Give back exactly the stretch of data below from the line holding "5707 NE 16th" through the line holding "Tesla Model Y 2023 из CN, фото 5", both ends included, and leave the remaining lines out.

(INFORMATION Opens)

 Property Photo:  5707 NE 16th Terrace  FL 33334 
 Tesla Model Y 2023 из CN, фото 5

(INFORMATION Closes)
(INFORMATION Opens)

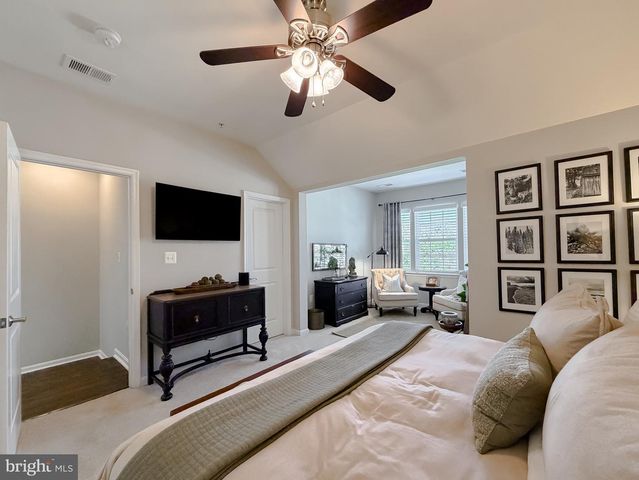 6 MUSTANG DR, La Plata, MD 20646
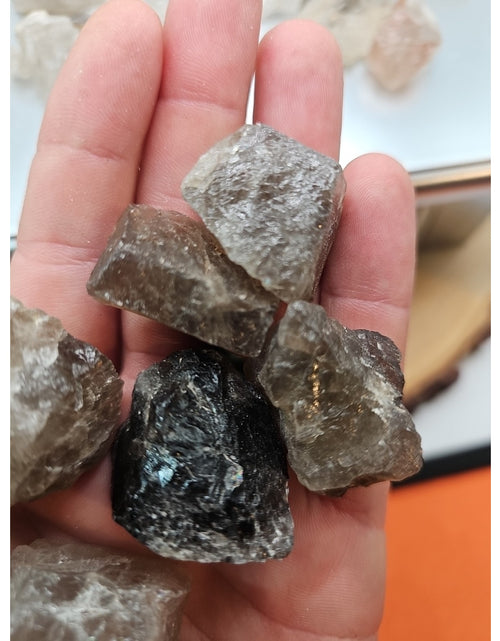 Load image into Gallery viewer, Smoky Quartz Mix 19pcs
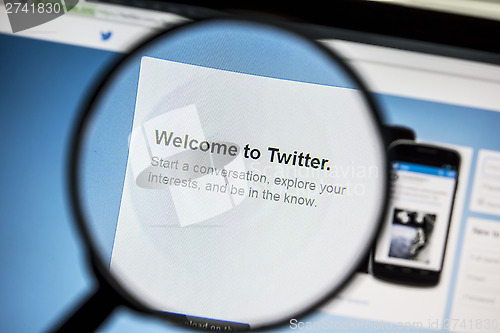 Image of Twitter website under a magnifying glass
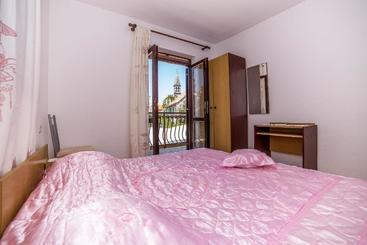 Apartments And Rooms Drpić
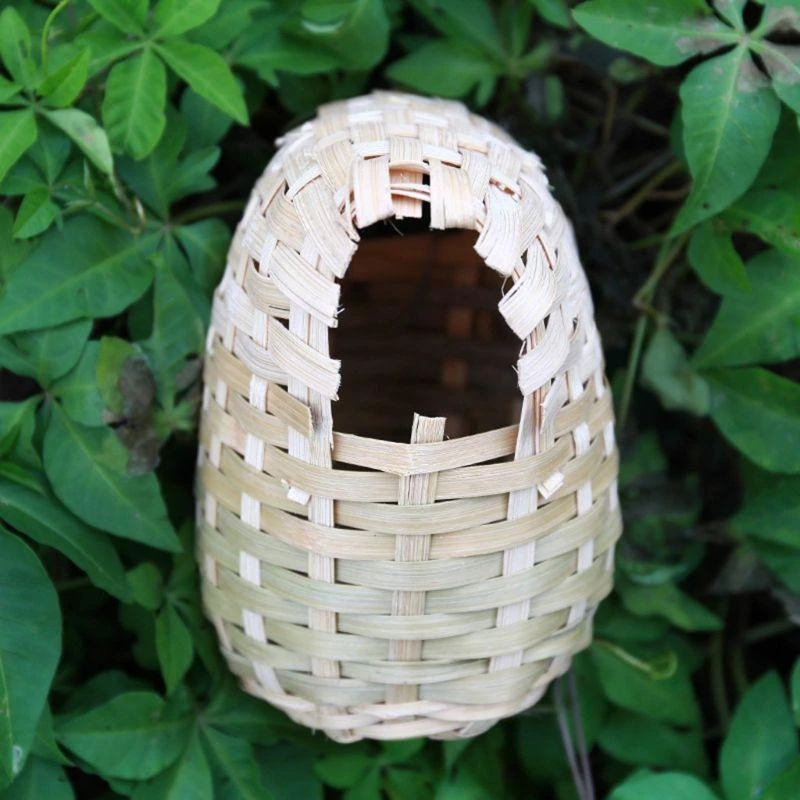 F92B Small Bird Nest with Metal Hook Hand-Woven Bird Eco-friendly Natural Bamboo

(INFORMATION Closes)
(INFORMATION Opens)

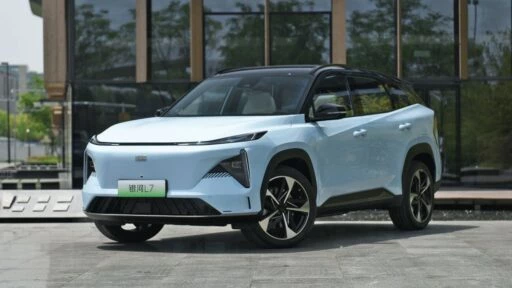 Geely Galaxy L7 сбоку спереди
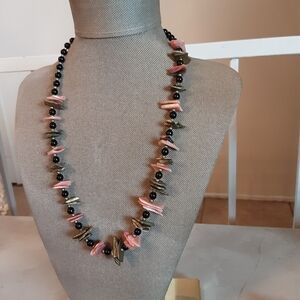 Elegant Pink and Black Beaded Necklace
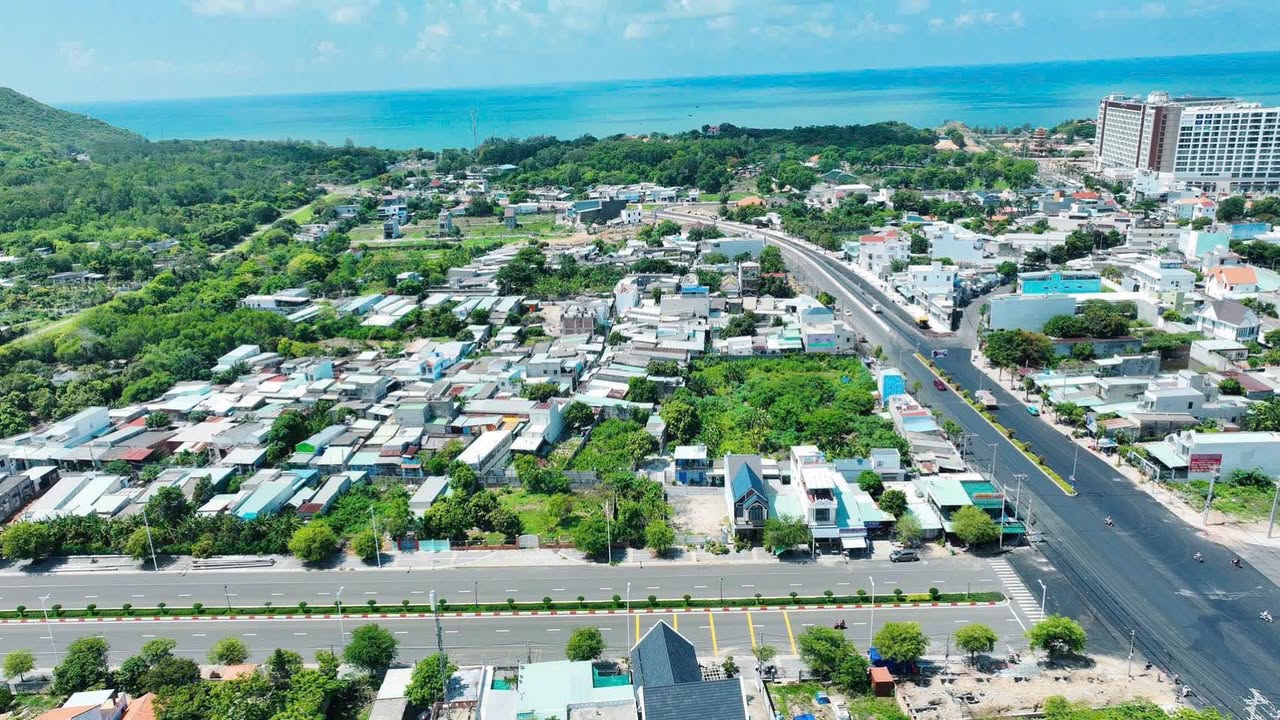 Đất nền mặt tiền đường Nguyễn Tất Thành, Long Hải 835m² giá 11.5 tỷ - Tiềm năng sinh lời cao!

(INFORMATION Closes)

▸ **RESULT FOR THIS EXERCISE**
 Property Photo:  5707 NE 16th Terrace  FL 33334 
 Tesla Model Y 2023 из CN, фото 5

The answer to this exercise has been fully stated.